Given information:
=== Begin Enclosure ===
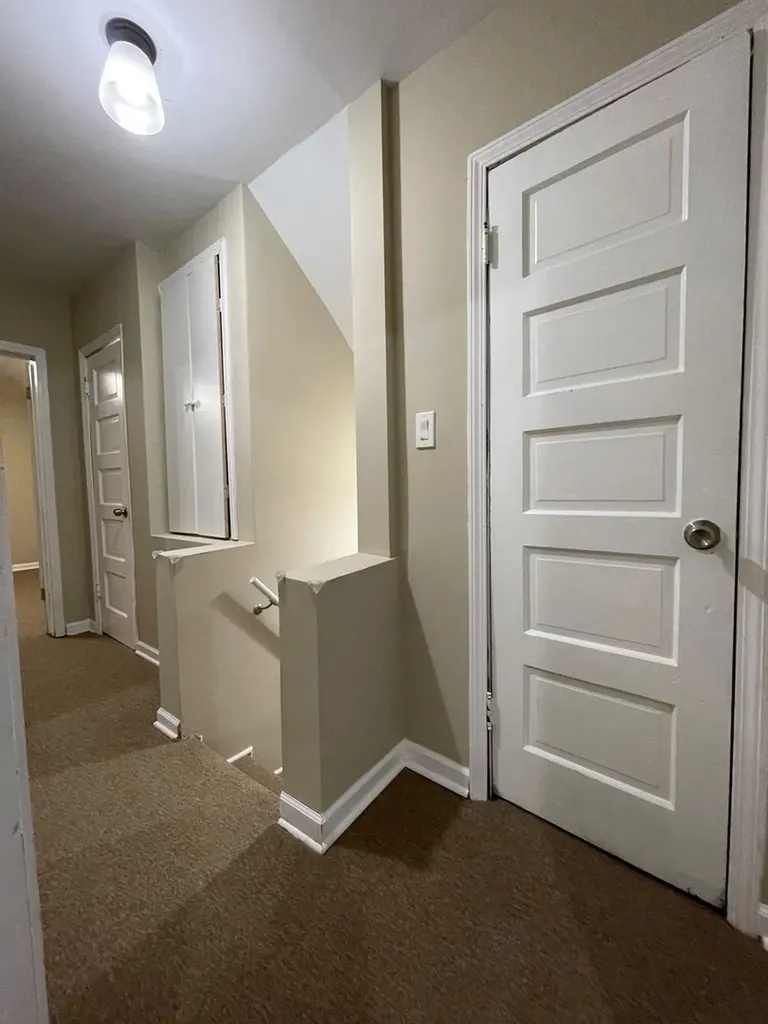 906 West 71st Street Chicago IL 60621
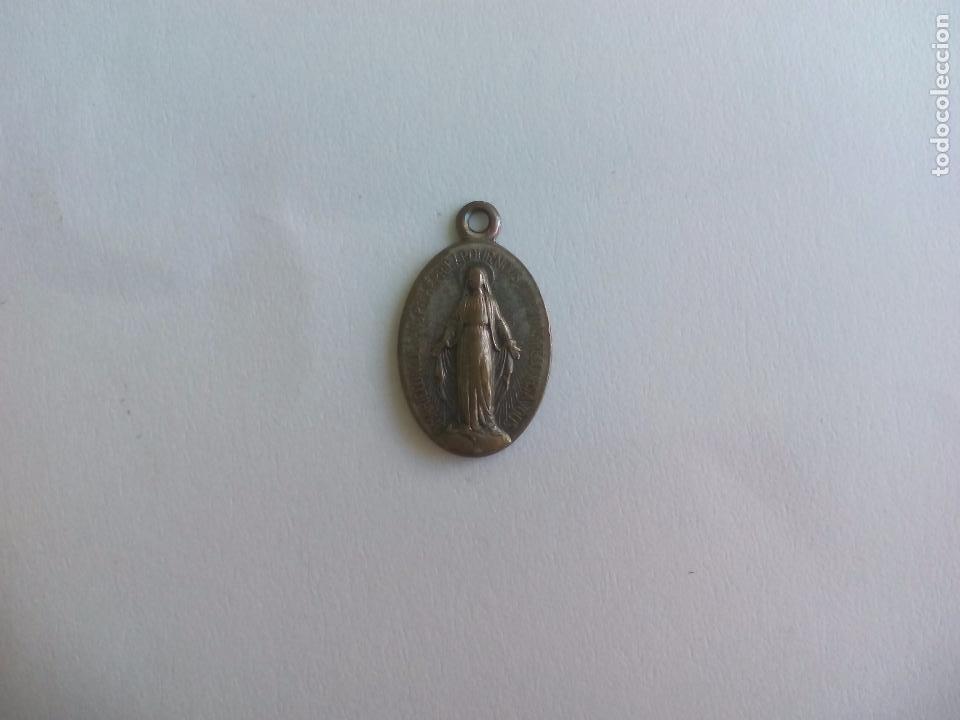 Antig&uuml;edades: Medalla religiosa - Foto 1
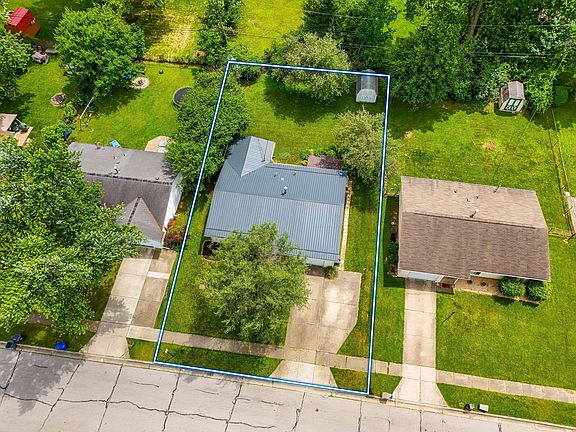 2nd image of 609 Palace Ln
=== End Enclosure ===
Exercise: Give back every line of the material exactly as written, but not the pictures.

Exercise result:
 906 West 71st Street Chicago IL 60621
 Antig&uuml;edades: Medalla religiosa - Foto 1
 2nd image of 609 Palace Ln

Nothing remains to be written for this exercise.